O que viria a acarretar profundas
mudanças nesse relacionamento respeitoso entre os órgãos de comunicação e os
seus fiéis seguidores foi a percepção crescente da importância da Informação
numa sociedade agora essencialmente urbana e industrializada, que ao adquirir
novos hábitos culturais, tornou-se uma sociedade de consumo de massa.
A TV, o rádio, o jornal e as
revistas assumiram gradativamente o papel de orientadores desse consumo. E
perceberam que era facilmente alcançável orientar outras escolhas dessa
sociedade “em trânsito”.
2. A criação dos grandes
conglomerados midiáticos foi a evolução natural desse processo. O qual
tornou-se irreversível pela força incontida da comunicação através do rádio, e
principalmente da TV, nos hábitos de consumo e na formação da opinião (a temida
“opinião pública”) da sociedade. Consequentemente, a mídia tornou-se
orientadora não só dos hábitos de consumo como também das mais diversas
escolhas dos cidadãos. Principalmente com o avanço do conceito de “propaganda”.

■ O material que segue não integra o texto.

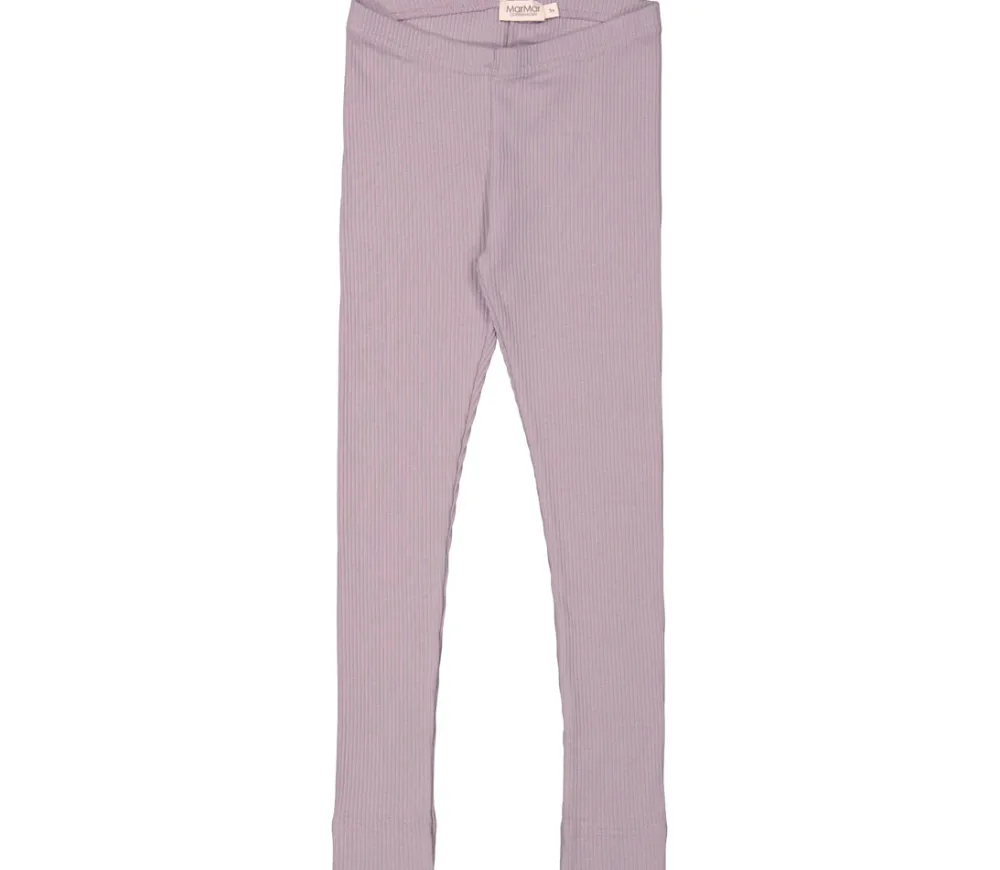 MarMar Copenhagen Underdele>Leg, Leggings Lavender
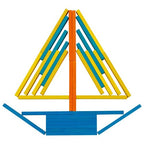 Building Blocks Colourful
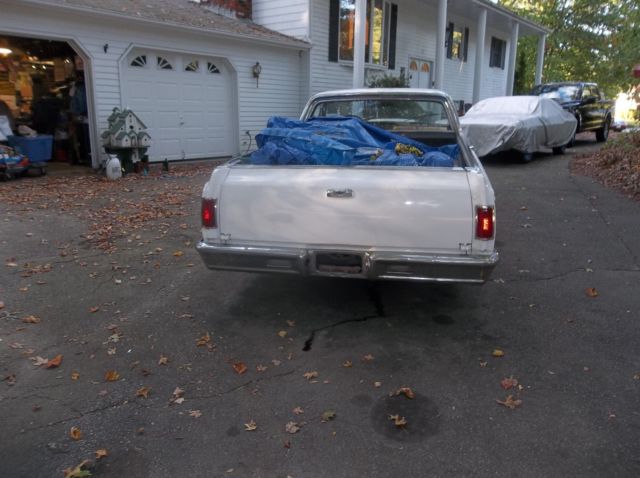 1965 Chevrolet El Camino - photo 8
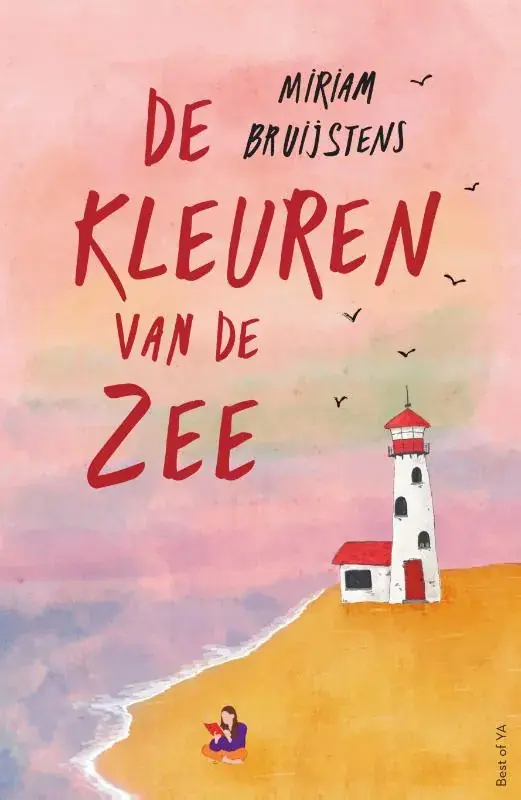 De kleuren van de zee Tijdelijk Beschikbaar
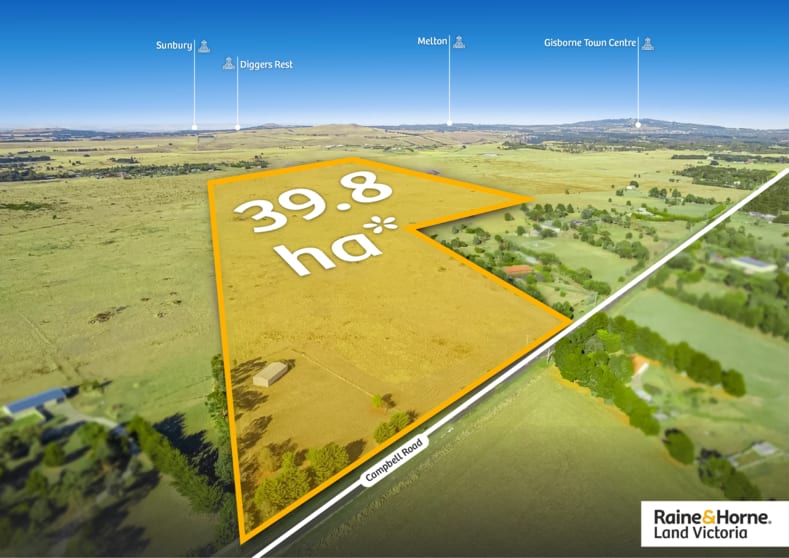 Lot 3 Campbell Road Riddells Creek VIC 3431 - Image 1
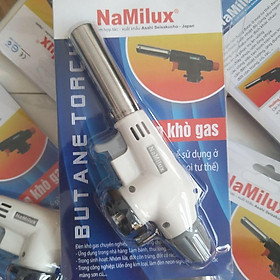 Mua Khò Gas Mini Cầm Tay Namilux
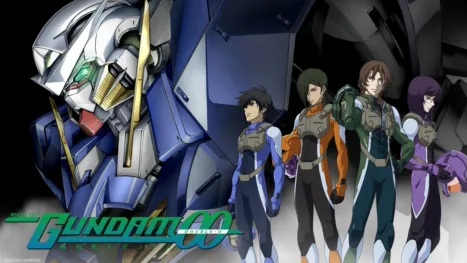 thumbnail - Mobile Suit Gundam 00
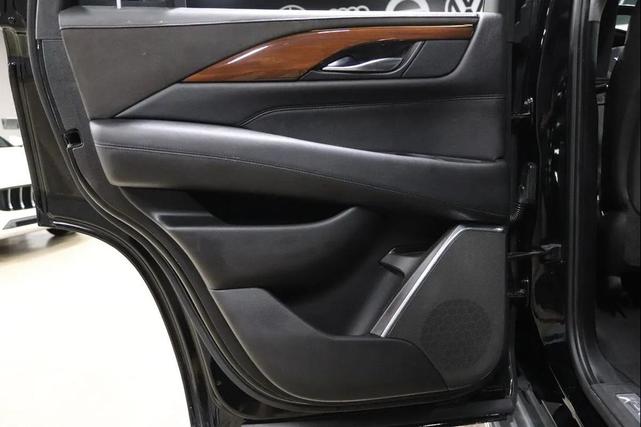 Photo of 2018 Black Raven Cadillac Escalade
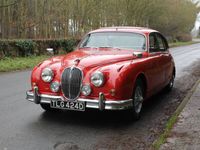 used Jaguar MK II 3.8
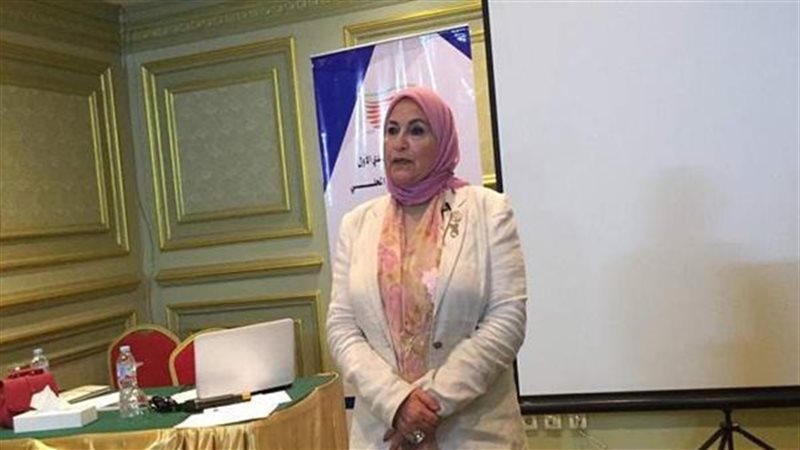 قومي المرأة بالبحيرة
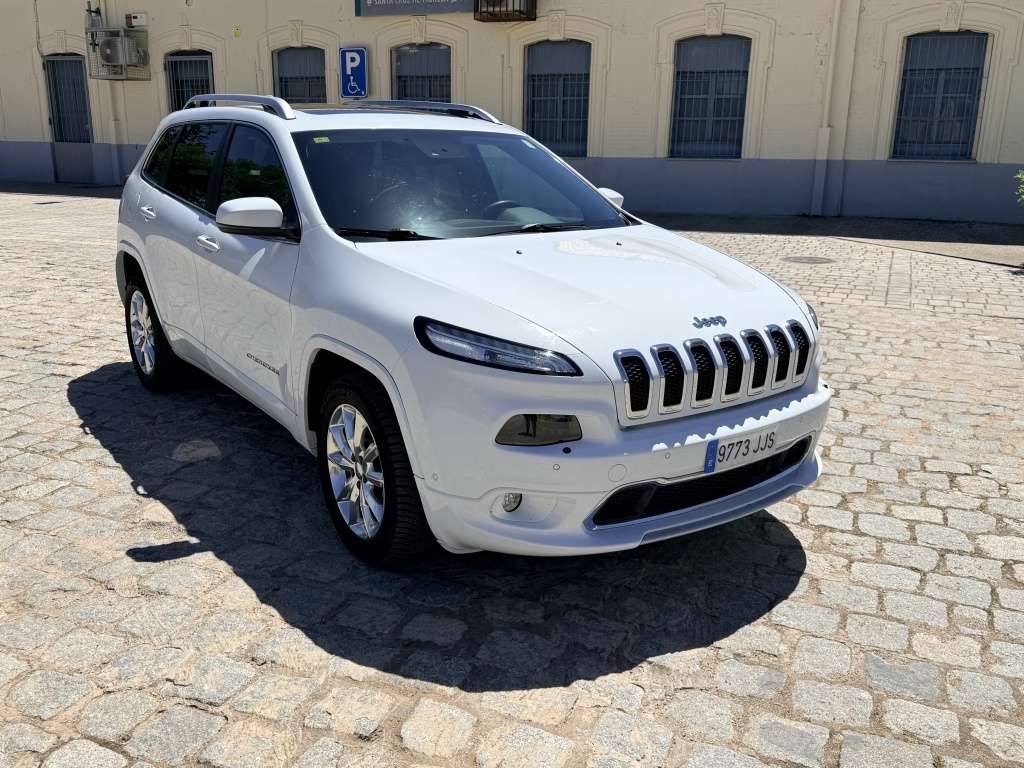 Jeep Cherokee 3.2 Limited 4x4 ADI 271 Aut. - foto 1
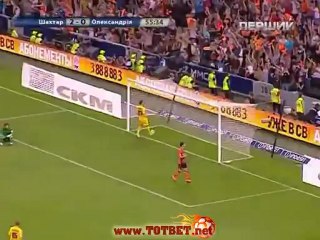 Шахтер - Александрия (3-0) 10.05.2012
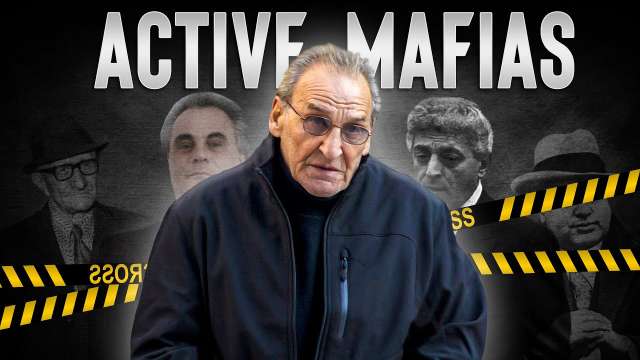 Mafia Families Currently Active in the US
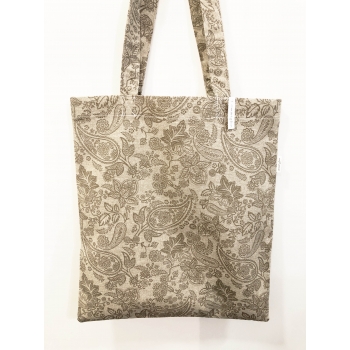 Bolsa Tote Bag "Flores"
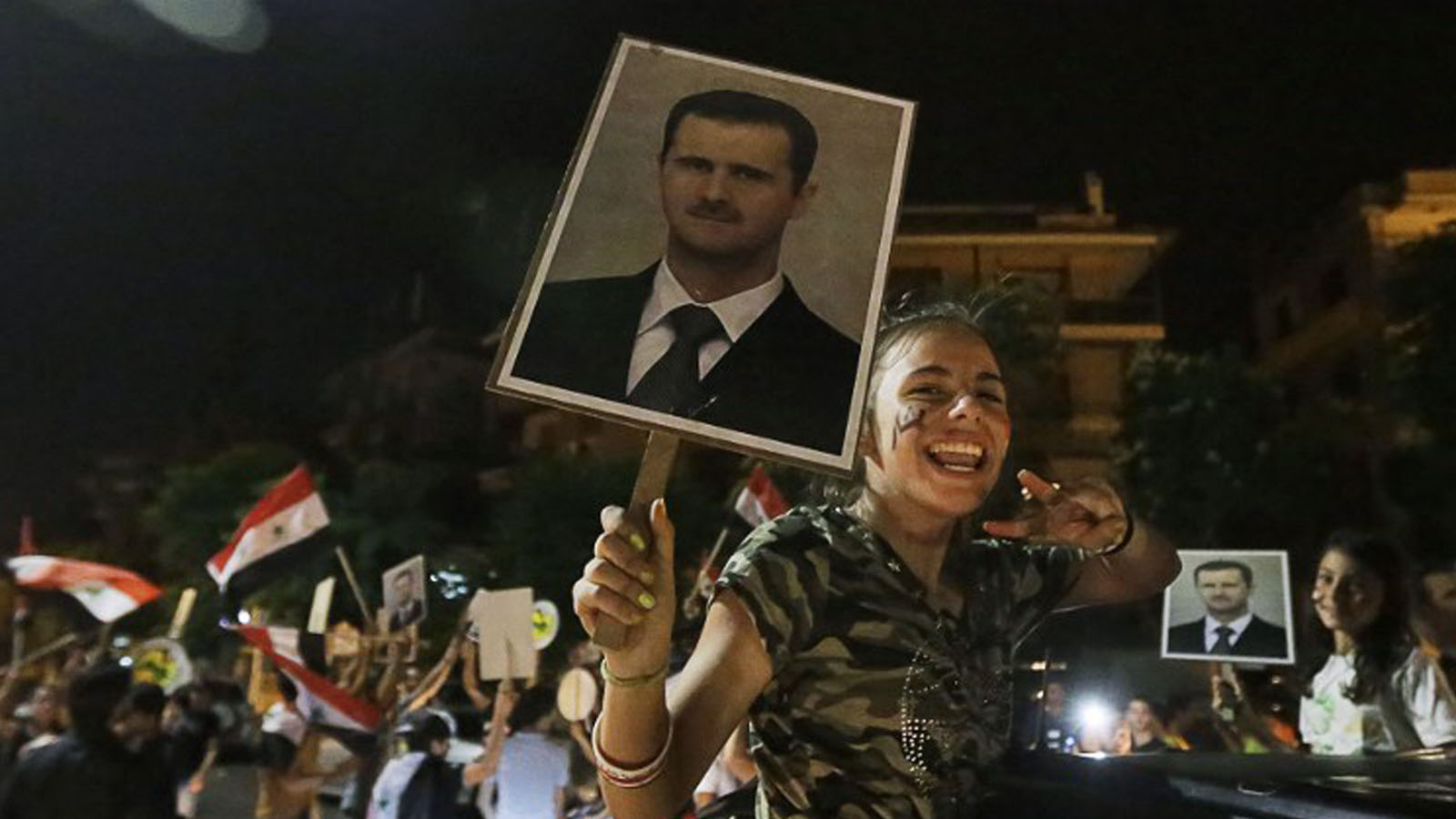 مذبحة انتخاب الأسد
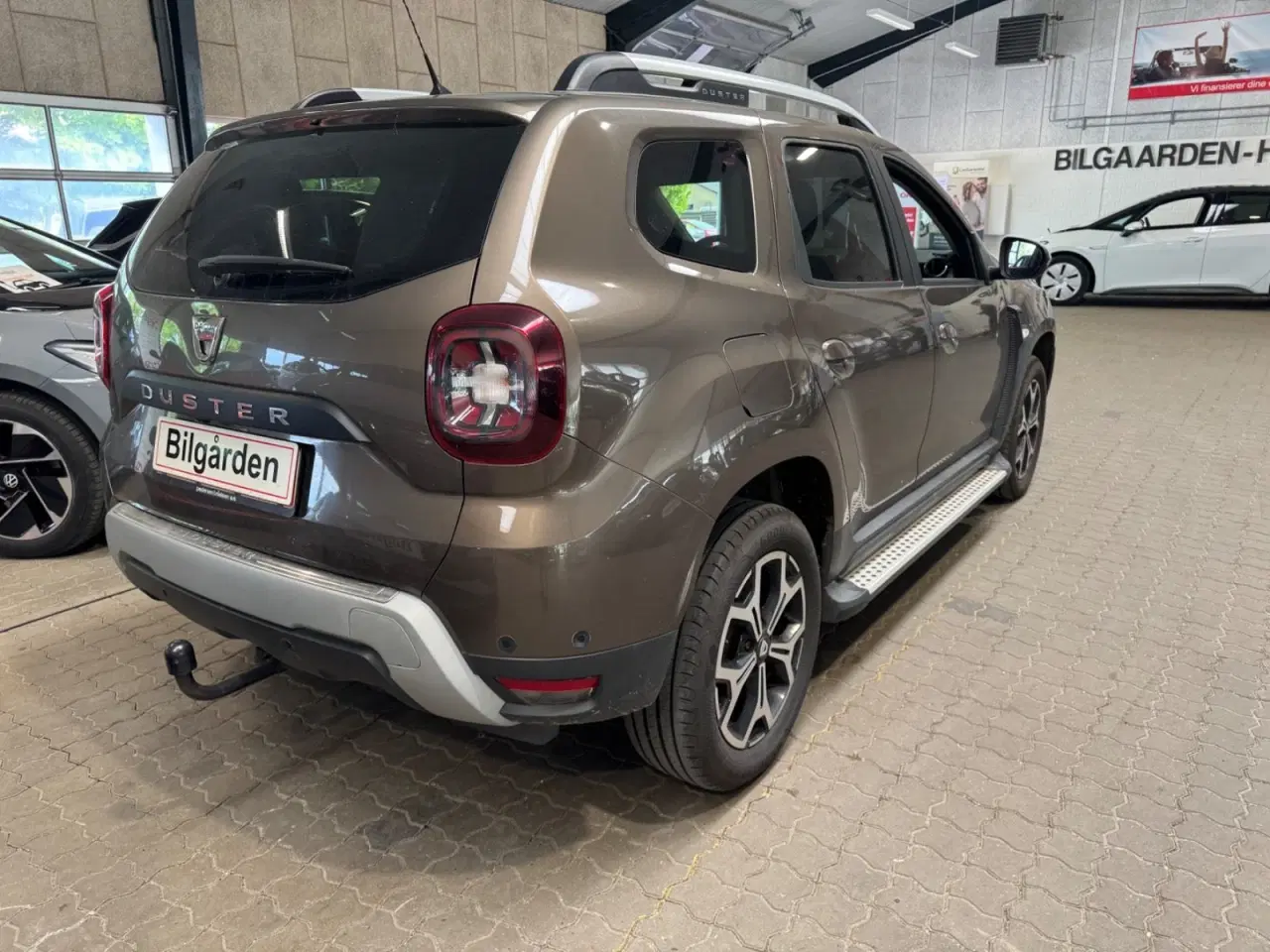 Billede 4 - Dacia Duster 1,5 Blue dCi 115 Prestige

Na prática, tudo poderia se transformar em “produto”. Objeto de desejo dos
indivíduos (também chamados de “público alvo”), desde que bem manipulado pelas
técnicas dessa nova arte. A partir desse ponto os acordos éticos, implícitos no
relacionamento entre mídia e público foram “flexibilizados”. O sistema
capitalista entendeu perfeitamente, e passou a usar, sem maiores escrúpulos, a
força incontida da publicidade e da propaganda na formação de hábitos e
comportamentos dessa nova sociedade, valendo, principalmente, para quem viesse
a dispor do controle da mídia, impressa e eletrônica. (E o conceito de
cidadania evaporou-se. Foi para o espaço… E o Jornalismo, enquanto missão
social, e serviço público, foi extinto)
Em muitos países do chamado
primeiro mundo as autoridades públicas, percebendo precocemente a imensa força
política dos aglomerados midiáticos, estabeleceram regras e limites, através de
legislação específica. Sendo os exemplos mais evidentes a Inglaterra e os Estados
Unidos da América. O que não veio a ocorrer na América Latina e especificamente
no Brasil. Abrindo uma imensa via para a atuação dos órgãos de comunicação,
agindo sem qualquer controle legal. E a mídia, habilmente e absolutamente livre
em suas manobras, espertamente passou a associar esse controle – essencialmente
democrático – com a censura à liberdade de expressão. De modo que o Brasil
entrou no século 21 permitindo a propriedade cruzada dos meios de comunicação.
Embora a Constituição, promulgada em 1988, a proibisse expressamente. Mas este
artigo dependia de uma regulamentação infra-constitucional, nunca posta em
prática. Simplesmente porque isso não era do interesse de três ou quatro
famílias proprietárias de conglomerados de rádios, TVs, revistas e jornais.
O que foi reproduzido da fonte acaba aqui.